Cleveland looked good last night. Almost makes me fret.


----------



## mrsister (Sep 9, 2002)

A little concerned, but not too much. The Wizards gave the Celtics problems during the regular season, so it's probably good we will likely not have to play them. Also, the Wizards don't play much defense. The Cavs will have a much harder time with Boston. Yes, they beat us twice in the regular season, but once was in overtime in Cleveland, and the other time was with KG out and Scalabrine starting, and they only won by a point.


----------



## Avalanche (Nov 17, 2005)

Im not too concerned with cleveland tbh, i dont think our defense will allow lebron to take a series by himself, and his team is no where near the caliber of ours


----------



## #1AntoineWalkerFan (Mar 10, 2005)

Causeway said:


> what do you mean by "older"? :biggrin:
> 
> for me a few things happened:
> 
> ...




cw!!! what a surprise to see a post from you! makes me remenisce of the old times...


----------



## mrsister (Sep 9, 2002)

Avalanche said:


> Im not too concerned with cleveland tbh, i dont think our defense will allow lebron to take a series by himself, and his team is no where near the caliber of ours


I'm more worried that Orlando will surprise everyone. Howard has been an absolute beast the first two games, and the Magic beat the Celtics twice this season. At least they have to get through two rounds before they would meet the Celtics.


----------



## Avalanche (Nov 17, 2005)

The magic would be a huge concern if they made it that far...

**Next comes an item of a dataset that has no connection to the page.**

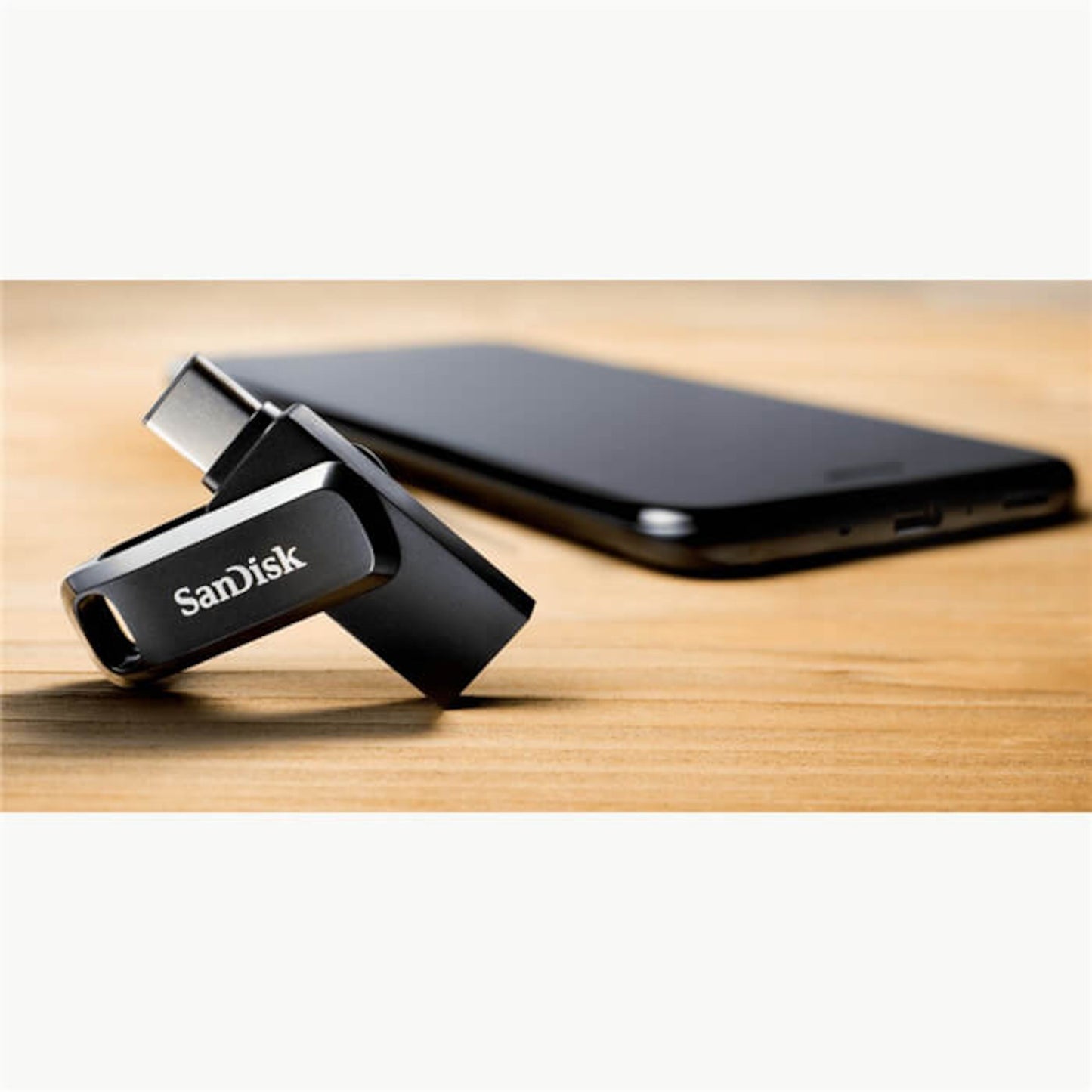 Sandisk Ultra Dual Drive Go USB-nøgle USB-C 128 GB, drejelig design, placeret ved siden af sort smartphone på træoverflade.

Dwight is a monster, but they would have to go through the pistons and their interior guys would at least beat him down for 6 games... and we do have Perk, who while not a super all star player or anything has a huge body and stacks of strength to combat dwight, not to mention KG.

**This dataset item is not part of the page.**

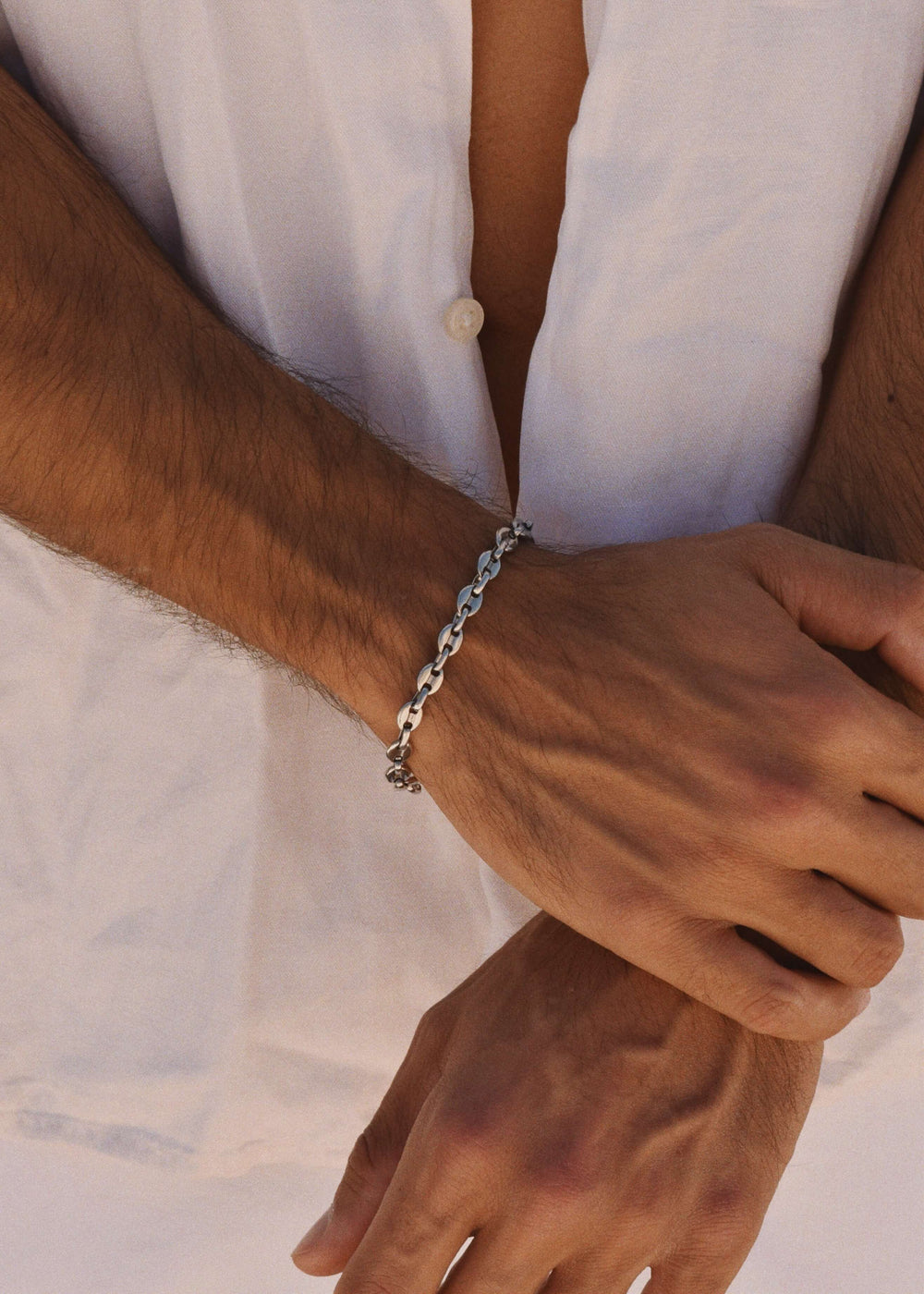 Bold 6mm silver chain bracelet by DIVON – styled with crisp white shirt, modern and durable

thing i really like about this team is we can combat all star players of any position


----------



## Avalanche (Nov 17, 2005)

Here we go again tonight at 8...

Destroy them again... no prisoners


----------



## Avalanche (Nov 17, 2005)

Another comfortable win today, really shared the offensive load which was good to see.

also cool that davis managed to get some solid playoff minutes, guess there is a positive in the blowouts


----------



## LamarButler (Apr 16, 2005)

It was good to see us win when I came home from practice. I usually have a bad feeling about games that I miss.


----------



## Avalanche (Nov 17, 2005)

i get that too lol


----------



## Premier (Oct 30, 2003)

More importantly, where the hell did BigJohn go? 

Fun game. I'll post some pics later.


----------



## Avalanche (Nov 17, 2005)

look forward to the pics prem


----------



## Causeway (May 18, 2005)

#1AntoineWalkerFan said:


> cw!!! what a surprise to see a post from you! makes me remenisce of the old times...


yo - AW! Looks like your boys career is over. I am sure you have some videos to live off of!


----------



## LamarButler (Apr 16, 2005)

Lol that is kinda messed up to say...


----------



## #1AntoineWalkerFan (Mar 10, 2005)

Causeway said:


> yo - AW! Looks like your boys career is over. I am sure you have some videos to live off of!




causeway...tell me youre kidding...my heart just sank and i searched the entire internet looking for something that said toine was retiring or something like that...you seriously scared the hell out of me...joke, right? :uhoh:


----------



## Avalanche (Nov 17, 2005)

There still hope for you 1AW, the wolves will use him as trade bait next year cause of his expiring... the team he goes to might get bought out... 

then he might come back

maybe? lol

anyway nice to see both Toronto and Washington get up today, no other sweeps means they will be at least a bit more beat up


----------



## Avalanche (Nov 17, 2005)

From USA Today:


> Paul Pierce was able to practice without restriction on Friday and will play in game 3 of the Celtics' opening round of the playoffs against Atlanta, the Associated Press is reporting.
> 
> Pierce was body-slammed to the floor in Game 2 on Wednesday, and said his back was stiff the next day but fine on Friday.
> 
> "I went through a full practice, so there shouldn't be any complications from the other night," Pierce said. "Shoot, I'll be ready for Game 3."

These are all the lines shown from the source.